Latency: Sequential agents compound latency. Parallelize where possible.
Context contamination: Each agent should get only the context it needs. Avoid passing everything to every agent.
Logging: Log all agent calls, inputs, outputs, and token usage. You need observability to debug multi-agent systems.
Timeouts: Set explicit timeouts.
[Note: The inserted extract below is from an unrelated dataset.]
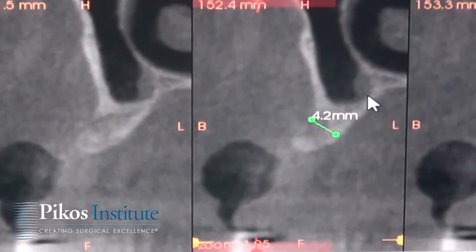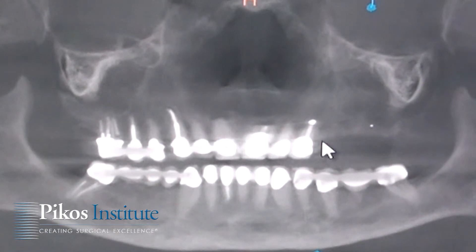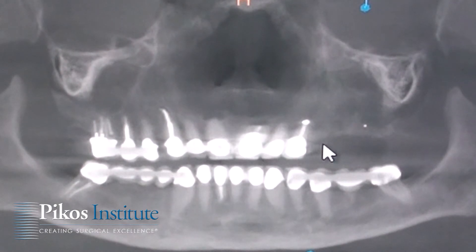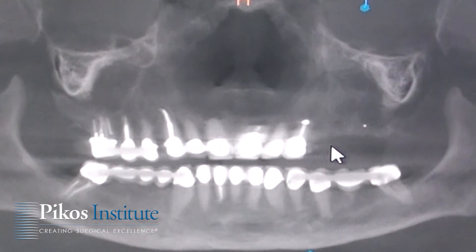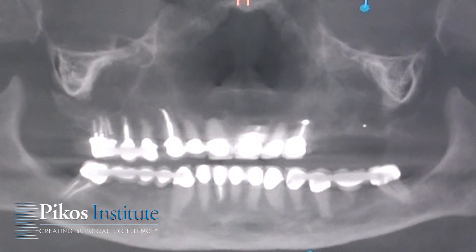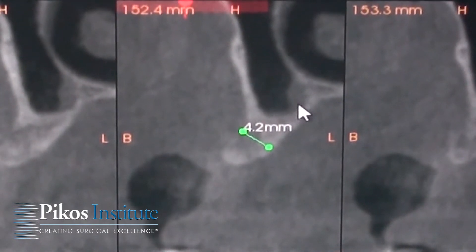As we'll see intraoperatively, we have a couple of options. One would be to ideally place both implants after splitting this ridge, which is the goal — to split this ridge and place two implants with simultaneous particulate grafting. Plan B would be to split this only, graft, and not place implants. And many times in these cases, I will not only split the ridge but also perform a veneer graft for even enhanced augmentation on the facial.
Hanging agents will block your entire pipeline.
Model Selection for Multi-Agent
| Role | Model | Reason |
|---|---|---|
| Orchestrator | claude-3-5-sonnet | Complex planning needs best model |
| Research workers | claude-3-haiku | Fast, cheap, good enough for factual tasks |
| Writing workers | claude-3-5-sonnet | Writing quality matters |
| Verification agents | claude-3-5-sonnet | Accuracy is critical |
| Classification/routing | claude-3-haiku | Simple decision, maximize speed |
Using the right model per agent tier significantly reduces cost without sacrificing overall quality.